Task objective
Starting with the line with "Women's Coat Daily" in the entries below and going on through the line with "Building a custom", output every line exactly and nothing more. No pictures.

Data to process
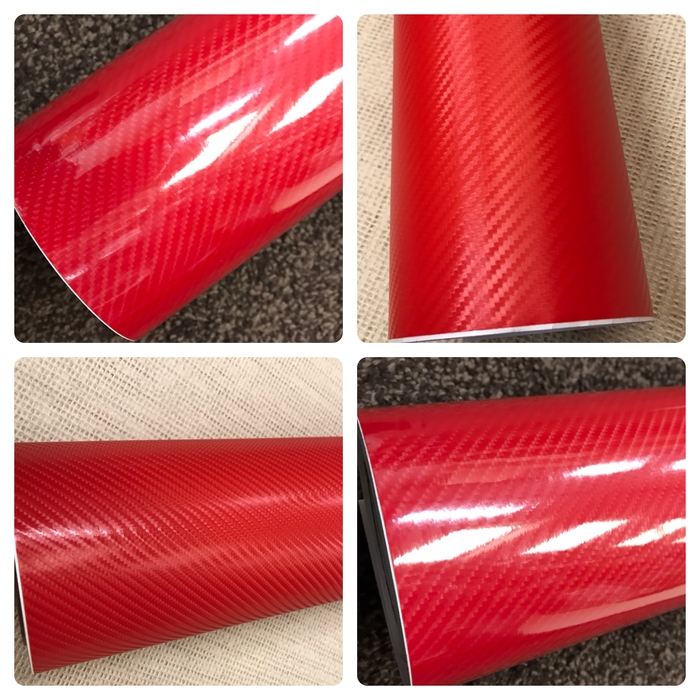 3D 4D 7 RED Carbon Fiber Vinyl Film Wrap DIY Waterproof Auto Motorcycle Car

---

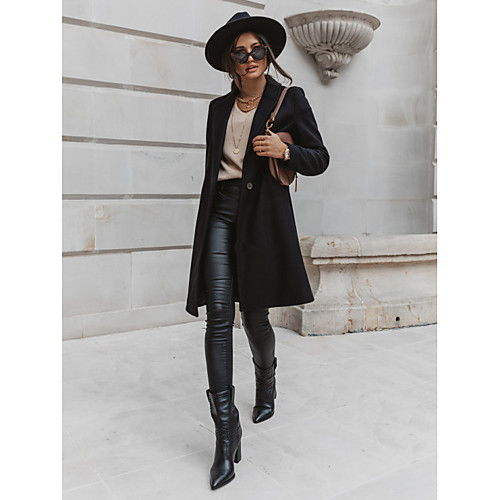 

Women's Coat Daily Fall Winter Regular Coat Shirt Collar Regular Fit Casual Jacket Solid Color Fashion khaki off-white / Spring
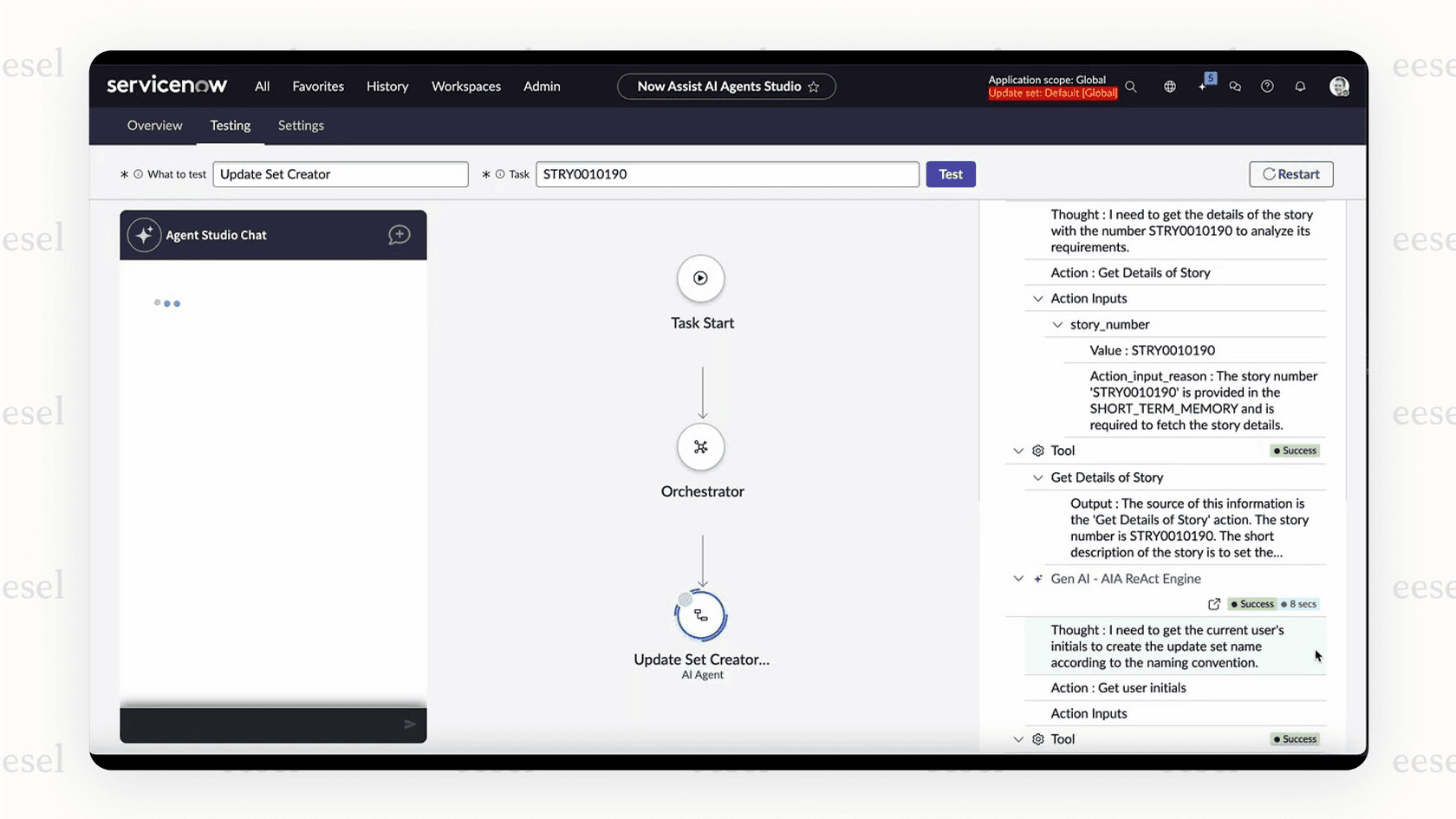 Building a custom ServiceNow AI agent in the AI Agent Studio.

--

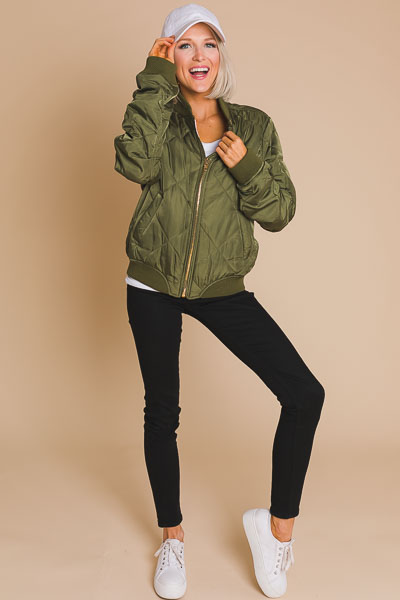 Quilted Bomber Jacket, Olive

Answer section
Women's Coat Daily Fall Winter Regular Coat Shirt Collar Regular Fit Casual Jacket Solid Color Fashion khaki off-white / Spring
 Building a custom ServiceNow AI agent in the AI Agent Studio.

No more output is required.